Why does [[no_unique_address]] have no effect on public data members?

Consider the following example:

template <class T>
struct A {
    [[no_unique_address]] T t;
    int i;
};

struct B {
    long l;
    int i;
};

class C {
    long l;
    int i;
};

Both GCC and Clang think sizeof(A<B>) is 24, while sizeof(A<C>) is 16. Compiler Explorer

Class template A<T> has T as one of its data members with the [[no_unique_address]] attribute. The only difference between B and C is that B is a struct and C is a class. I can't understand why A<B> and A<C> are not the same size. In other words, why does the compiler embed member i of class template A<T> into the tail padding of C but not into the tail padding of B?

If I modify B's member access to private, both GCC and Clang think the size of A<B> is 16: (Compiler Explorer)

template <class T>
struct A {
    [[no_unique_address]] T t;
    int i;
};

struct B {
private:      // private now
    long l;
    int i;
};

class C {
    long l;
    int i;
};

So it seems that the difference does not come from struct and class, but from the accessibility of data members.

I know it's implementation-defined whether the compiler embeds other members into the tail padding of members with the [[no_unique_address]] attribute, but I guess there is some special rule that causes the same weird behavior in both GCC and Clang. I checked the standard and ABI documentation but couldn't find a description.

Solution

This is because of how layout is specified by the ABI.

https://itanium-cxx-abi.github.io/cxx-abi/abi.html#pod:

The dsize, nvsize, and nvalign of these types are defined to be their ordinary size and alignment. These properties only matter for non-empty class types that are used as base classes. We ignore tail padding for PODs because the standard before the resolution of CWG issue 43 did not allow us to use it for anything else and because it sometimes permits faster copying of the type.

dsize is the "data size" of an object, which means how many bytes are used for the type, not including tail-padding.

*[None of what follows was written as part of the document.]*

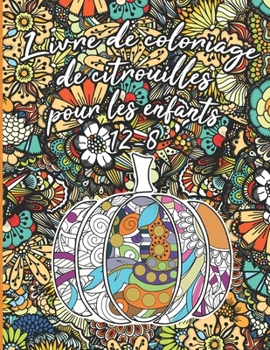 Paperback Livre de coloriage de citrouilles pour Les enfants 8-12: Mandalas de citrouilles florales à colorier pour des heures de plaisir et de relaxation, de g [French] Book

This means that for "POD for the purpose of layout" types, the would-be tail-padding is considered part of the data of the type, so cannot be reused to hold the member i (the compiler sees B as an opaque 16 bytes, even though the last 4 bytes are padding)

When you make any member private, it is no longer "POD for the purpose of layout", so the dsize becomes sizeof(long) + sizeof(int) (instead of sizeof(B) = 2 * sizeof(long)), and the next member i can be placed in the tail-padding.

The same issue occurs if you try to make a base-class subobject.

#if BASE_CLASS
template <class T>
struct A : T {
    int i;
};
#else
struct A {
    [[no_unique_address]] T t;
    int i;
};
#endif

struct B {
    long l;
    int i;
};  // dsize = 16, nvalign = 8, sizeof = 16

class C {
    long l;
    int i;
};  // dsize = 12, nvalign = 8, sizeof = 16 (next multiple of 8)

// A<B>: 16 bytes B, 4 bytes for int i, 4 bytes for padding
// dsize = 20, sizeof = 24

// A<C>: 12 bytes C, 4 bytes for int i, no padding
// dsize = 16, sizeof = 16

// (The same numbers for `[[no_unique_address]] T t;`)

CWG43 that is being referenced talks about how memcpy was specified to work on all POD types in C++98. So, a class laying out these types must include the tail-padding internally so that memcpy would not overwrite any data that would otherwise go into the padding. This was fixed in C++03 to specify "any object (other than a base-class subobject) of POD type T", but the layout rules were not changed (presumably so as to not break expectations that you could memcpy POD types, even if they were base classes).

[[no_unique_address]] was specified to have the same behaviour as a base class subobject (as a potentially-overlapping subobject), so this behaviour is inherited.